### Required action
Every line of the data below should be retyped exactly, with no images carried over.

### Provided data
####

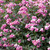 Symphoricarpos Magical Collection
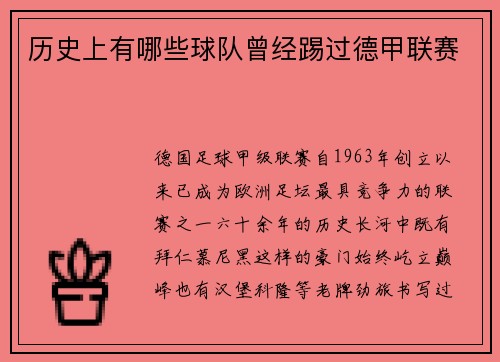 历史上有哪些球队曾经踢过德甲联赛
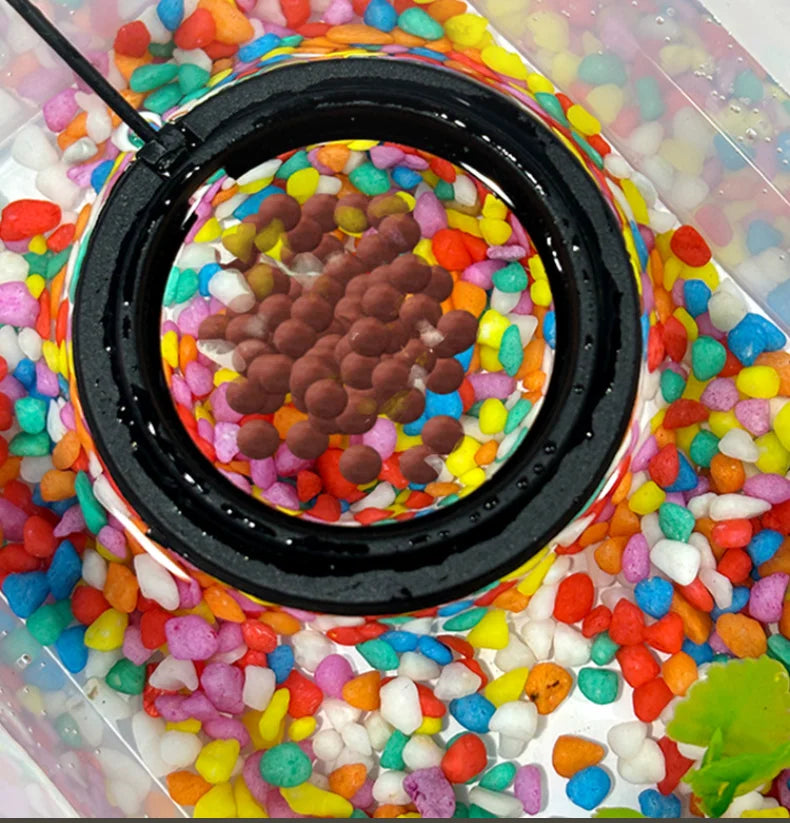 Anillo de Alimentación para Acuario con Ventosa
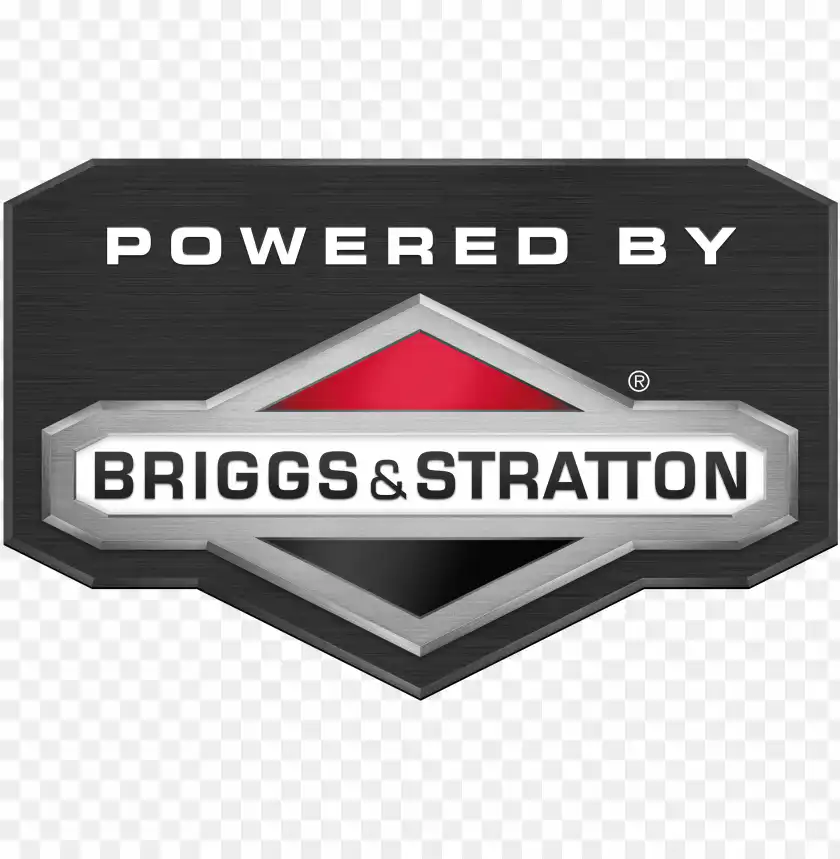 Briggs & Stratton Engine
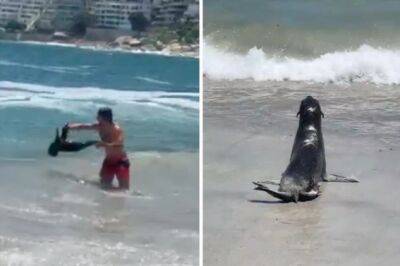 В ЮАР тюлени нападают на людей из-за «зомби кислоты» (видео) - chert-poberi.ru - Сша - Юар - Кейптаун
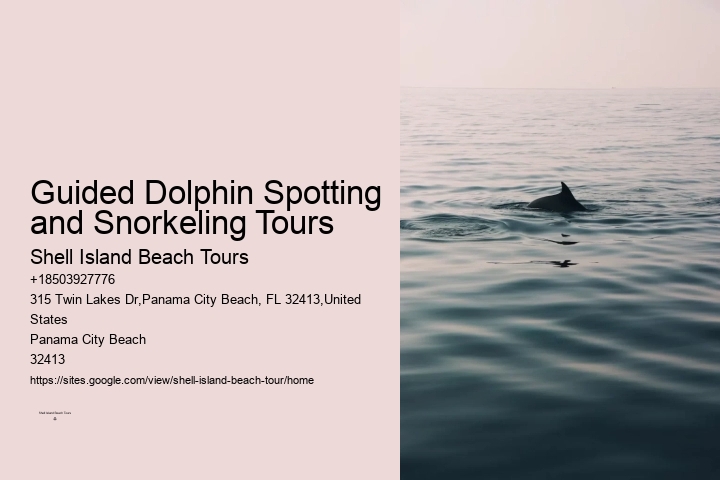 Come Swim With The Dolphins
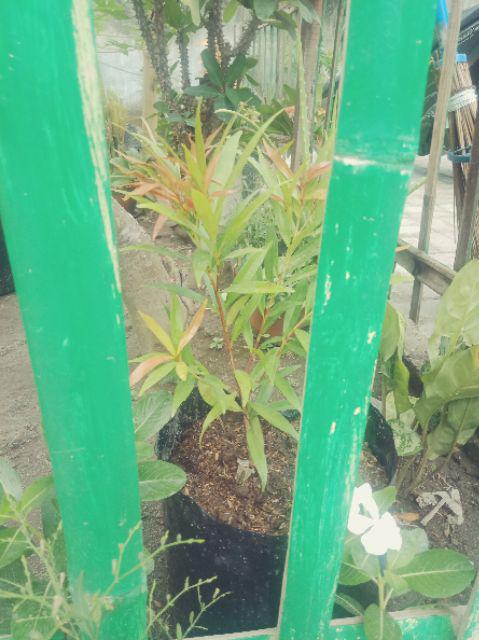 Bibit Tanaman Hias Pucuk Merah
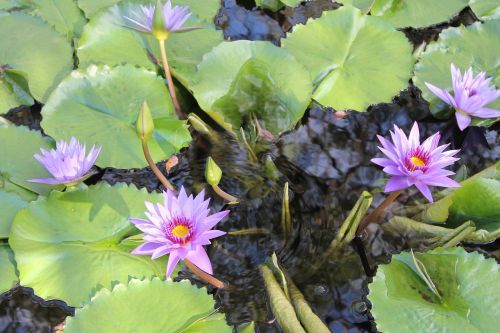 flower lilly pad water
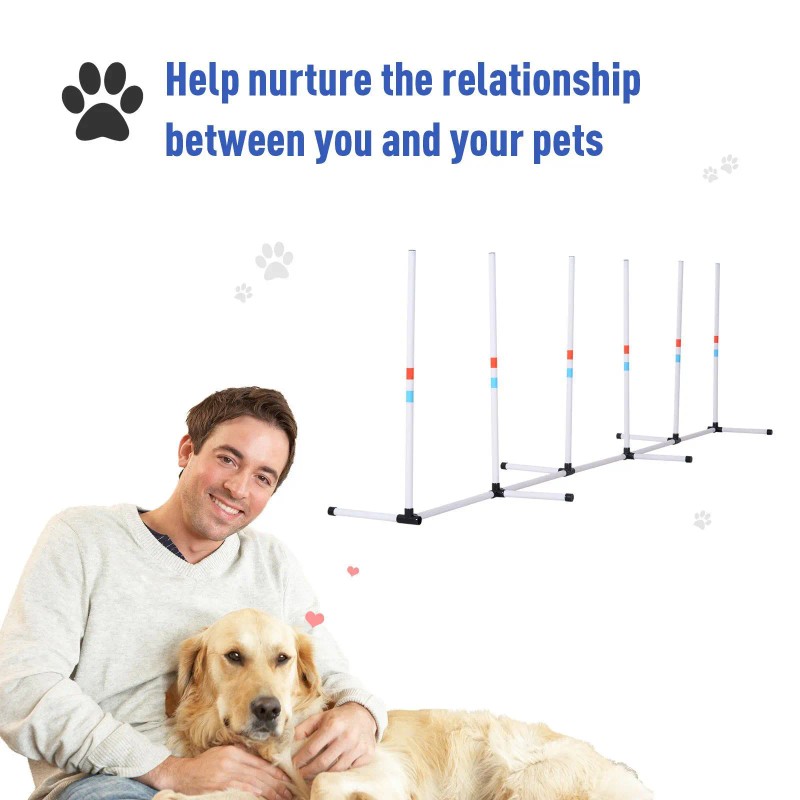 Sturdy Dog Weaves Poles Outdoor Pet Speed and Agility Equipment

####

### Task solution
 Symphoricarpos Magical Collection
 历史上有哪些球队曾经踢过德甲联赛
 Anillo de Alimentación para Acuario con Ventosa
 Briggs & Stratton Engine
 В ЮАР тюлени нападают на людей из-за «зомби кислоты» (видео) - chert-poberi.ru - Сша - Юар - Кейптаун
 Come Swim With The Dolphins
 Bibit Tanaman Hias Pucuk Merah
 flower lilly pad water
 Sturdy Dog Weaves Poles Outdoor Pet Speed and Agility Equipment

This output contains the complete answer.